- Theatrical release poster
- Directed by: Andrew Kotatko
- Written by: Andrew Kotatko
- Based on: "Whoever Was Using This Bed" by Raymond Carver
- Produced by: Andrew Kotatko Marie Slaight
- Starring: Jean-Marc Barr Radha Mitchell Jane Birkin
- Cinematography: Geoffrey Simpson, ACS
- Edited by: Roland Gallois, ASE
- Music by: Ben Frost Jon Hopkins Robert Mackenzie
- Production companies: Midnight Coffee Films Altaire Productions
- Release date: 13 January 2016 (Flickerfest International Short Film Festival);
- Running time: 21 minutes
- Country: Australia
- Language: English

= Whoever Was Using This Bed =

Whoever Was Using This Bed is a 2016 Australian short film directed by Andrew Kotatko. It is based on the short story of the same name by Raymond Carver from his 1988 collection Elephant. The film stars Jean-Marc Barr, Radha Mitchell and features the voice of Jane Birkin.

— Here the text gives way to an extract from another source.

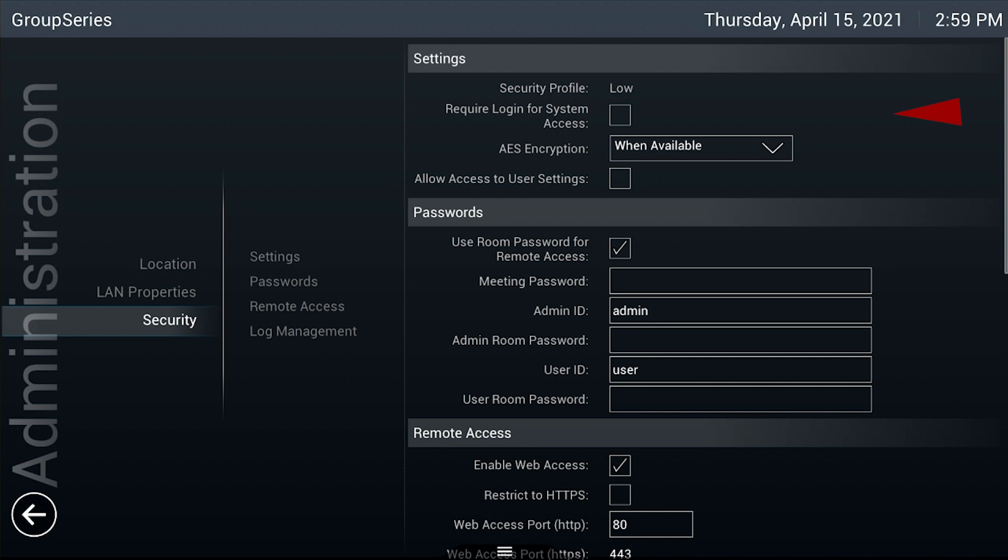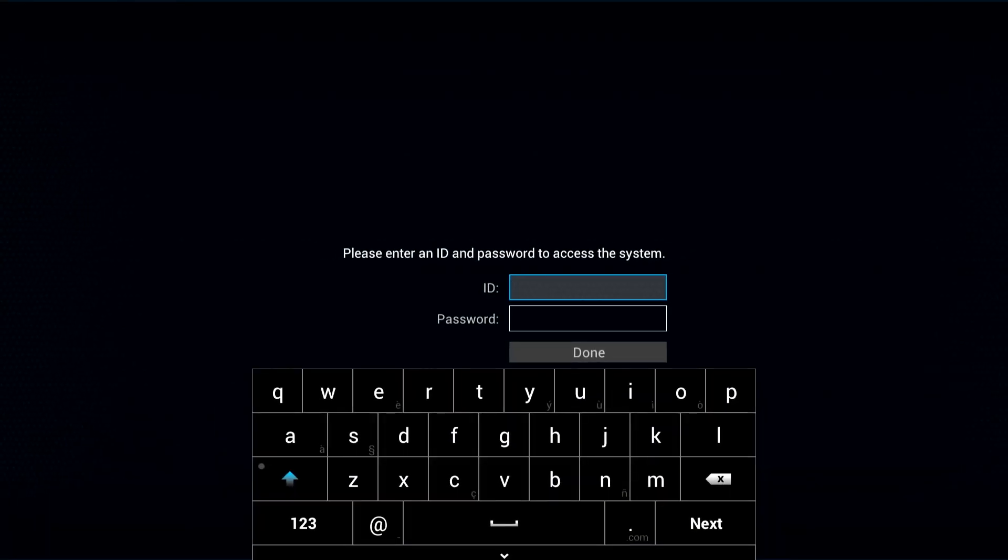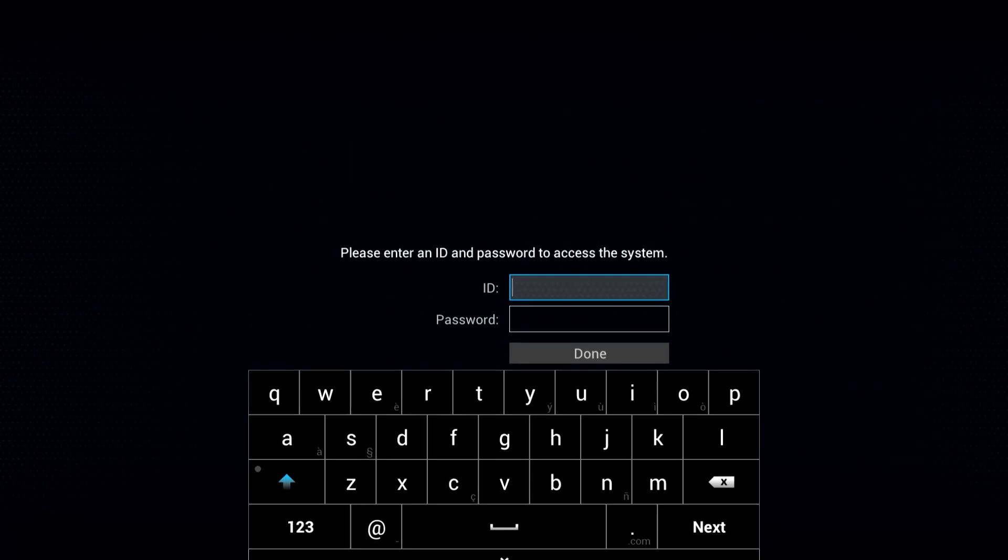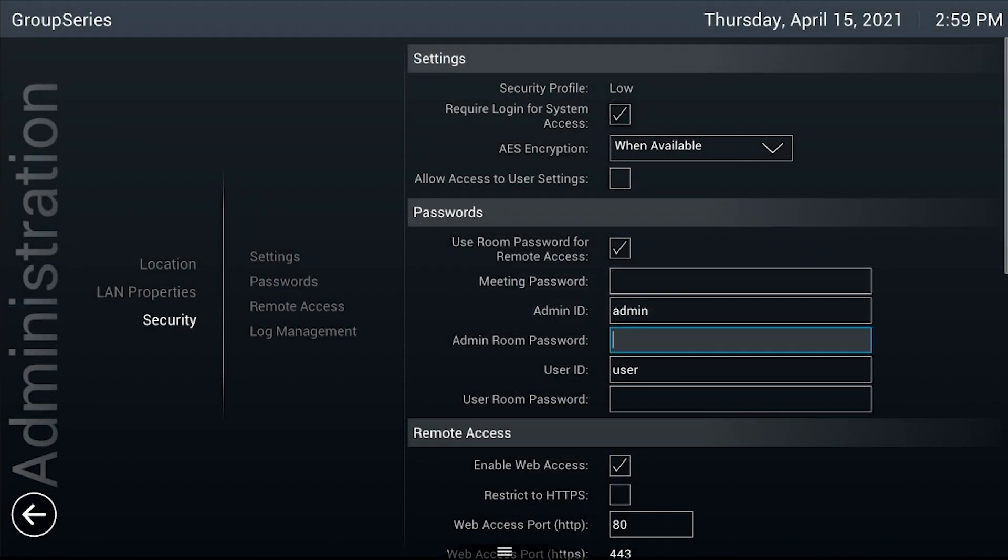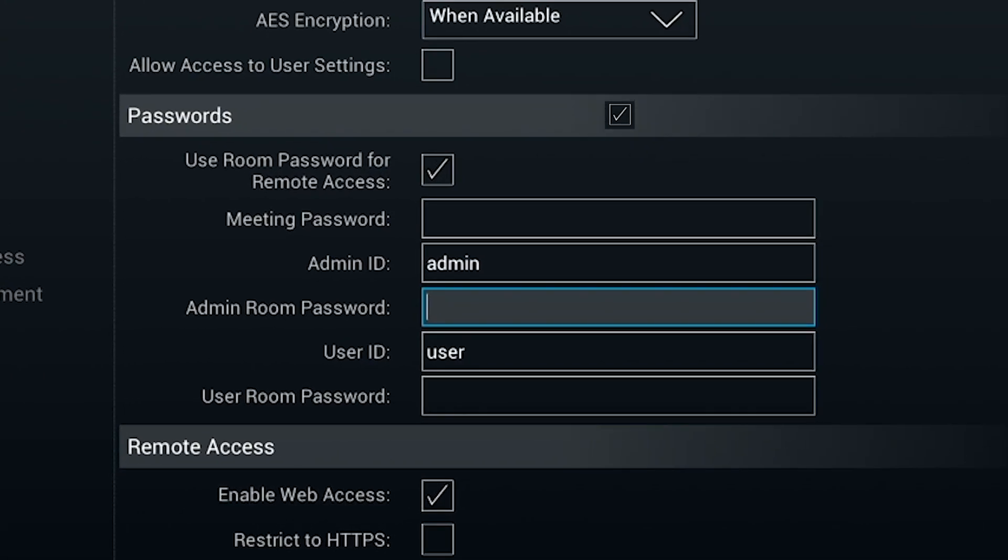Under the Settings section, check the box for Require Login for System Access. This will enable a login screen every time the teledentistry cart is powered on. On the same window, under the Passwords section, you will need to set an admin ID and admin room password by tapping on the corresponding fields. An on-screen keyboard will appear for inputting text.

The film was co-produced by Altaire Productions and Midnight Coffee Films, with post-production funds successfully raised via crowdfunding on Kickstarter.

Whoever Was Using This Bed won Best Drama in the Australian Film Institute / Australian Academy of Cinema and Television Arts's 2016 Social Shorts competition.

It is Kotatko's second adaptation of Carver's writing, the first being Everything Goes starring Hugo Weaving, Abbie Cornish and Sullivan Stapleton.

==Synopsis==

A married couple (Barr and Mitchell) is woken in the dead of night by a mysterious phone caller (Birkin). Unable to sleep, the couple are drawn into an unsettling examination of their darkest fears and desires.

==Cast==

- Jean-Marc Barr as Ray
- Radha Mitchell as Iris
- Jane Birkin as The Caller

==Release==

The film had its Australian premiere at the 25th Flickerfest International Short Film Festival. It was nominated for Best Australian Short Film.

==Background==

In an interview about Whoever Was Using This Bed in The Brag Magazine, Kotatko said: "People who've seen the film have told me that it plays like an intimate American drama from the '70s, but there's definitely a visual quality to the film that evokes classic film noir. I think it also has an emotionally unnerving and suspenseful quality to it. It feels a bit like a thriller."

Radha Mitchell expressed her reasons for doing the project in The Beast Magazine: "I wouldn't normally be attracted to do a short film, except this is such a character piece, and it's so dependent on the two lead performances. It's sophisticated, and in a sense, it's very adult. Not in an x-rated sense, but thematically it's mature, and that was of interest to me."

Jean-Marc Barr shared his thoughts on the film's story in an interview for Filmink Magazine: "There's something very human about Carver's short stories and daily happenings that I think every couple has maybe gone through this. He [Kotatko] was able to leave it as open and as modern as possible but also give it his own kind of spices and wishes. The characters are really well built, especially in the writing and I think they leave a really big range for interpretation."

==Critical reception==

Matthew Lowe of Filmink Magazine gave the film 18 out of 20, noting that "Whoever Was Using This Bed is an impeccably well-made short film, deeply melancholic and enriched by its superb performances".

US film critic Jeffrey M. Anderson of Combustible Celluloid gave the film 3 and a half out of 4 and observed that "Whoever Was Using This Bed occupies a state of sad, inescapable truth. To my eyes, Kotatko comes the closest of any filmmaker to capturing Carver on film."

In his review, ABC Radio's Movieland critic CJ Johnson wrote that "Whoever Was Using This Bed is an intelligent, precise and mature short film that doesn't rely on Carver's innate abilities; in transposing this gripping little two-hander to the screen, Kokatko makes plenty of cinematic choices of his own, informed by his obvious deep regard for the source material."